Condé, Louis II de Bourbon

Condé, Louis II de Bourbon

 

Born Sept. 8, 1621, in Paris; died Dec. 11, 1686, in Fontainebleau. French military leader.

Until 1646, when his father died, condé was duke of Enghien; afterward he became prince of Conde. During the Thirty Years’ War of 1618–48, the French troops under his command won a brilliant victory over the Spanish at Rocroi (1643). His further victories at Freiburg, Nordlingen (1644—45, with Turenne), Dunkerque (1646), and Lens (1648) hastened the conclusion of a peace treaty advantageous to France in Westphalia (1648). At the start of the Fronde, condé commanded the government troops laying siege to Paris (1649); later, he headed the feudal opposition and tried to seize power. In 1650 he was arrested.

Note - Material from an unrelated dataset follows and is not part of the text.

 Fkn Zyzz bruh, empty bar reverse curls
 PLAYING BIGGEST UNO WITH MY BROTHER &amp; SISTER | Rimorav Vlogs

After he was freed in 1651, he became the head of the Fronde of the Princes. He was defeated outside Paris in 1652 in a battle against Turenne’s troops. At the conclusion of the Fronde he fled to the Netherlands and was appointed commander in chief of the Spanish Army, with which he ravaged northern France from 1653 to 1658. In 1660 he returned to France. In 1668, during the War of Devolution, Condé captured the Franche-Comté within two weeks. From 1672 to 1675 he successfully led the military operations in France’s war with Holland (1672–78). Contemporaries nicknamed him the Great Condé.

REFERENCES

Malo, H. Le Grand Conde. Paris, 1937.
Mongredien, G. Le Grand Conde. Paris, 1959.